Correct Article 11
PERBAN Nomor 12 Tahun 2025 | Peraturan Badan Nomor 12 Tahun 2025 tentang Obat Obat Tertentu yang Sering Disalahgunakan
Current Text
(1) Industri Farmasi, PBF, PBF Cabang, Fasilitas Pengelolaan Kefarmasian, fasilitas pelayanan kefarmasian, dan fasilitas lain yang melanggar ketentuan Pasal 3 ayat (1), Pasal 4, Pasal 5 ayat (1), Pasal 7 ayat (1), Pasal 8, Pasal 9 ayat (1), Pasal 9 ayat
(2), dan/atau Pasal 10 ayat (1) dikenai sanksi administratif.

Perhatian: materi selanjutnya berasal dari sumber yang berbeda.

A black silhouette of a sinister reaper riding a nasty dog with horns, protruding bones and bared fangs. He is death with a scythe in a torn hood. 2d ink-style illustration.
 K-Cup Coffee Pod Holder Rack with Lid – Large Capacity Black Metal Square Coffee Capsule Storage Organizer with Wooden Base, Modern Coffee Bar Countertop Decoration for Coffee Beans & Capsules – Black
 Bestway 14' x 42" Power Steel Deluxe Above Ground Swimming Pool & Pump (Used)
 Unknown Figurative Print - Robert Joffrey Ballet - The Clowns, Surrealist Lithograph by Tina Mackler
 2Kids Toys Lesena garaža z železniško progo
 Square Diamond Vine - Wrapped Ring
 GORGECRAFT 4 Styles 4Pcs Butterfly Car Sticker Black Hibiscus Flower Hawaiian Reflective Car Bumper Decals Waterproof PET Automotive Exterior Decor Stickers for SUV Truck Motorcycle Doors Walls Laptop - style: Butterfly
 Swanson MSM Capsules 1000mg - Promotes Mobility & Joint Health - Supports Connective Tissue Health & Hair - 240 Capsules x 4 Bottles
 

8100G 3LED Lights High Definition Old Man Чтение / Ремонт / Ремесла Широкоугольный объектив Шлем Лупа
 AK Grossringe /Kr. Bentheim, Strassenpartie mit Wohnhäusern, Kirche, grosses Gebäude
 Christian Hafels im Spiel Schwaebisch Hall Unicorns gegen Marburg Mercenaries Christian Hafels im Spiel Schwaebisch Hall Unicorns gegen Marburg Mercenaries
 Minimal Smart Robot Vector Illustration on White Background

(2) Sanksi administratif sebagaimana dimaksud pada ayat
(1) berupa:
a. peringatan;
b. peringatan keras;
c. penghentian sementara kegiatan;
d. pembekuan izin edar;
e. pembekuan sertifikat cara pembuatan obat yang baik;
f. pencabutan izin edar;
g. pencabutan sertifikat cara pembuatan obat yang baik;
h. pencabutan sertifikat cara distribusi obat yang baik;
i. larangan mengedarkan untuk sementara waktu, dan/atau perintah untuk penarikan kembali dari peredaran;
j. perintah pemusnahan atau pengiriman kembali/re-ekspor; dan/atau
k. penutupan akses pengajuan permohonan perizinan berusaha untuk sementara waktu.
(3) Sanksi administratif sebagaimana dimaksud pada ayat
(2) dikenakan oleh Kepala Badan.
(4) Kepala Badan dapat menyampaikan rekomendasi kepada Kementerian/Lembaga atau pemerintah daerah penerbit perizinan berusaha untuk perizinan berusaha yang diterbitkan oleh instansi selain Badan Pengawas Obat dan Makanan.
(5) Rekomendasi sebagaimana dimaksud pada ayat (4) terdiri atas:
a. rekomendasi pembekuan izin/perizinan berusaha;
atau
b. rekomendasi pencabutan izin/perizinan berusaha.